So, a couple months ago (I’m a little behind), this post from the Science Insider about this paper (pdf) argued that the non-existent ‘science gap’ is due to something other than educational failure of the STEM pipeline. What might that possibly be?
However, the highest-performing students in the pipeline are opting out of science and engineering in greater numbers than in the past, suggesting that the threat to American economic competitiveness comes not from inadequate science training in school and college but from a lack incentives that would make science and technology careers attractive.
You don’t say? But there’s nothing like wage suppression, is there? (boldface mine; italics original)
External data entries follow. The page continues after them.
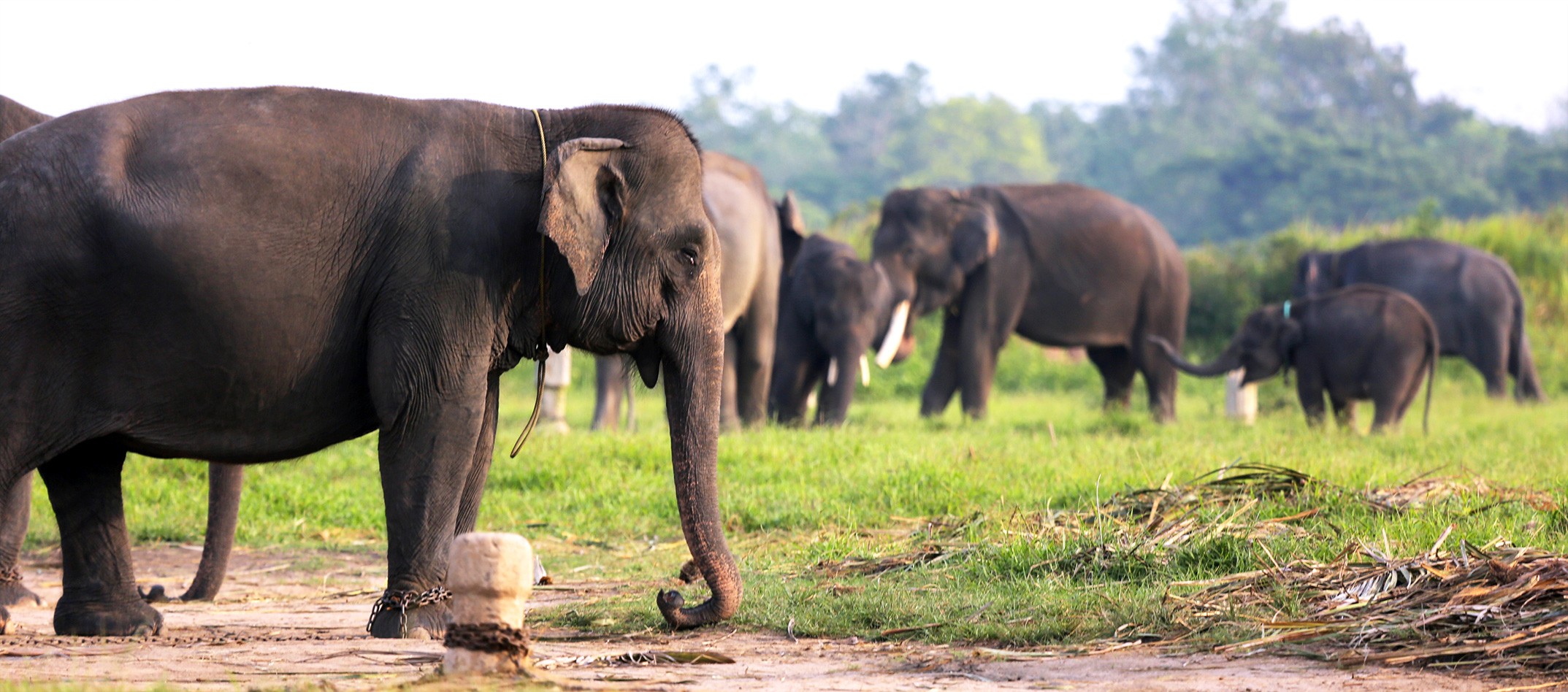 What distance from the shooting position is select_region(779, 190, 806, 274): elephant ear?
14.2 meters

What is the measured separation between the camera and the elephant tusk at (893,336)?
14.3m

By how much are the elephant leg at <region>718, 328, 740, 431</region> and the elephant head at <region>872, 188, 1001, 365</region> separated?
1.96 meters

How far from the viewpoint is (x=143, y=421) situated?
4.93 m

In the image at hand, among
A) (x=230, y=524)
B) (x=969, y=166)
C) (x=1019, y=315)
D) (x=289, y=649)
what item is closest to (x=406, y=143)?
(x=289, y=649)

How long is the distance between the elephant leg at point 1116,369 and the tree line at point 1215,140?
107ft

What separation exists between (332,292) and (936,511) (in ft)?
11.2

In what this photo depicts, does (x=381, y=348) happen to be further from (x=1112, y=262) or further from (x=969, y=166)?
(x=969, y=166)

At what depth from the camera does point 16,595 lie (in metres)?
6.18

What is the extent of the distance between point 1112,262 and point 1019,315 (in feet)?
3.03

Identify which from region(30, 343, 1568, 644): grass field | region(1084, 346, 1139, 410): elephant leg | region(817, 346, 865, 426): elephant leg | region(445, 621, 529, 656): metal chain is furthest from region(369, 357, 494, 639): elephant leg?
region(1084, 346, 1139, 410): elephant leg

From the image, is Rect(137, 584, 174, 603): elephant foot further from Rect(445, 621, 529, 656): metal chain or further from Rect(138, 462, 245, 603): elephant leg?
Rect(445, 621, 529, 656): metal chain

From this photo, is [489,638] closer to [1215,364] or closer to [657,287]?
[657,287]

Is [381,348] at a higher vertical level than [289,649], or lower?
higher

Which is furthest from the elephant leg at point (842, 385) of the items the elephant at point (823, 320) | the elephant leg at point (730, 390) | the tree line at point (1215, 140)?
the tree line at point (1215, 140) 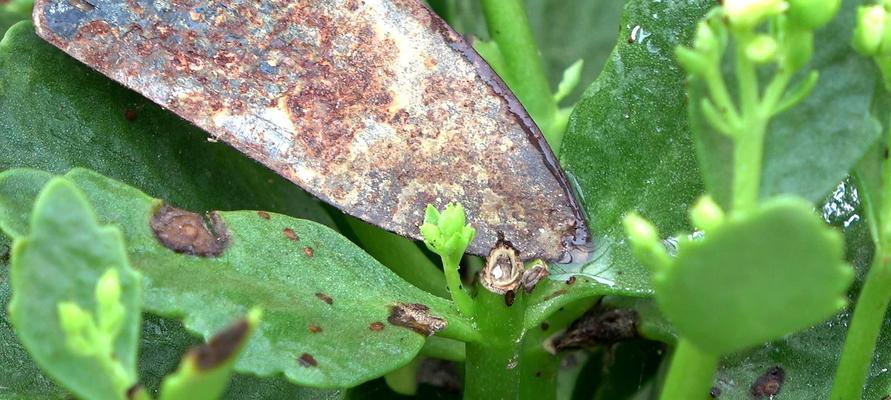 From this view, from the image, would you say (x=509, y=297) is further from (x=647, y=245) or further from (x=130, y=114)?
(x=130, y=114)

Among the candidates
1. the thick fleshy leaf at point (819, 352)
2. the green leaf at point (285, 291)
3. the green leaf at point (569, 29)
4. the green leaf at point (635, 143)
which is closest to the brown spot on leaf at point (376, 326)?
the green leaf at point (285, 291)

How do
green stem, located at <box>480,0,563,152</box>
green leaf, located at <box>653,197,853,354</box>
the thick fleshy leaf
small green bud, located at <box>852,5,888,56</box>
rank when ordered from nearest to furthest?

The researchers–led by Lowell and Harold Salzman, a sociologist at the Urban Institute and Rutgers University, New Brunswick–argue that boosting the STEM pipeline may end up hurting the United States in the long-term.
This happens, they say, by depressing wages in S&T fields and turning potential science and technology innovators into management professionals and hedge fund managers.
The way to promote US competitiveness in STEM fields is to “put more emphasis on the demand side,” says Lowell, noting that U.S. colleges and universities produce three times more STEM graduates every year than the number of STEM jobs available. Cranking out even more STEM graduates, he says, does not give corporations any incentive to boost wages for STEM jobs, which would be one way to retain the highest-performing students in STEM….
The authors say those findings square with anecdotal evidence of STEM graduates being drawn to careers in management and finance careers starting in the early 1990s. “Maybe the competition rather than being with the East,” Salzman says, referring to emerging economic powers like India and China, “is between different sectors of industry; with Wall Street.”
You’ll be shocked to learn that policies which lower science-related wages haven’t been extensively studied–I know I am (italics mine):
The conversation about the STEM gap “hasn’t been grounded in a sufficient body of evidence,” Salzman says. Michael Teitelbaum of the Sloan Foundation, which funded the study, adds that claims of shortage are “often issued by parties of interest” such as employer associations. In the past, some U.S. businesses have been accused of using the shortage argument to justify outsourcing and hiring of foreign workers.
Like many other things in life, you get what you pay for (if you’re lucky). As long as financial ‘engineering’ is more lucrative than actual engineering (and other disciplines)–both in terms of pre- and post-tax salary–and has better job security, many students, particularly when too many graduate with tens of thousands of dollars of student loan debt, will choose to do something other than science.
Until we create more science-related opportunities, in the private, public, and non-profit sectors, we are just creating an over-qualified, underpaid workforce.